Vor einigen Tagen erzählte mir eine Kundin ganz stolz, dass sie einen Anbieter gefunden habe, bei dem sie Investmentfonds kostenlos kaufen könne.
Die Information enthielt als Subtext den Vorwurf, warum ich sie denn nicht darauf hingewiesen habe.
Dazu sei gesagt, dass die Kundin bisher überhaupt keine Erfahrung mit der Geldanlage gesammelt hat. Lediglich ein Tagesgeldkonto ist vorhanden. Auch mache es ihr als Künstlerin angabegemäß keinen Spaß, sich mit Geld, Börse und Finanzen zu beschäftigen. Aber Sie habe nun einmal einen größeren Betrag, den sie langfristig anlegen möchte.
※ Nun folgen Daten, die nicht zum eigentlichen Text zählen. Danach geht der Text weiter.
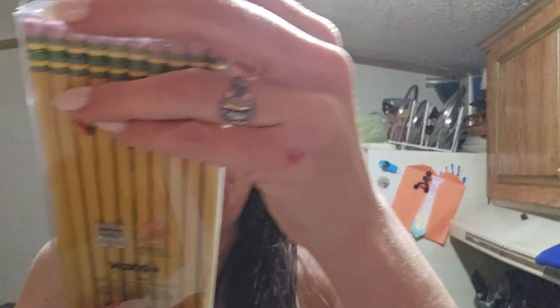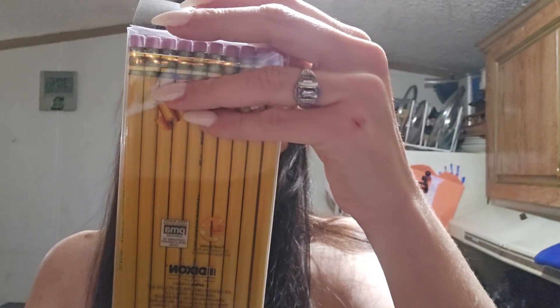Oh my god. Alright, I'm back. Jax spilled all these out of here. But these are pencils that I got for Joseph. I got a good deal on these. There are 30 in here — I thought they would give me 72, but they're 30.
Genau aus diesem Grund war sie einige Wochen vorher wegen einer Erstberatung bei mir. Nach Risikoanalyse und ausführlicher Beratung über Chancen und Risiken von Investmentfonds kam dann als Idee eine Anlage in Investmentfonds (Aktien- und Rentenfonds) als Empfehlung von mir.
Nun steht es selbstverständlich jedem frei, auf eigene Faust sein Geld anzulegen. Genauso wie die Reparatur des eigenen Autos oder der Dachausbau des eigenen Einfamilienhauses nicht unter Strafe stehen.
Hilfreich ist es dabei allerdings, wenn man zumindest über gewisse Grundfertigkeiten und ein grundsätzliches Interesse an der Sache verfügt.
Aber wollen wir doch einmal betrachten, wie denn wirklich die Kosten beim Kauf eines Investmentfonds aussehen und was darüber hinaus noch beachtet werden sollte:
Welche Kosten entstehen beim Kauf und der Verwahrung von Investmentfonds generell?
Die meisten Anleger antworten auf Nachfrage hier sehr spontan mit dem Begriff „Ausgabeaufschlag“. Also dem Aufgeld, das beim Erwerb eines Investmentfonds von der Fondsgesellschaft auf den Inventarwert aufgeschlagen wird. Inventarwert zuzüglich Ausgabeaufschlag ergeben dann den Ausgabepreis. Der Aufschlag liegt im Durchschnitt bei Aktienfonds bei 5%. Ist der Inventarwert als zum Beispiel bei 60 EUR je Anteil, zahlt der Kunde im Normalfall 63 EUR je Anteil. Würde der Kunde die Anteile im selben Moment wieder an die Fondsgesellschaft zurückgeben, hätte er also sofort 5% Verlust (Kosten).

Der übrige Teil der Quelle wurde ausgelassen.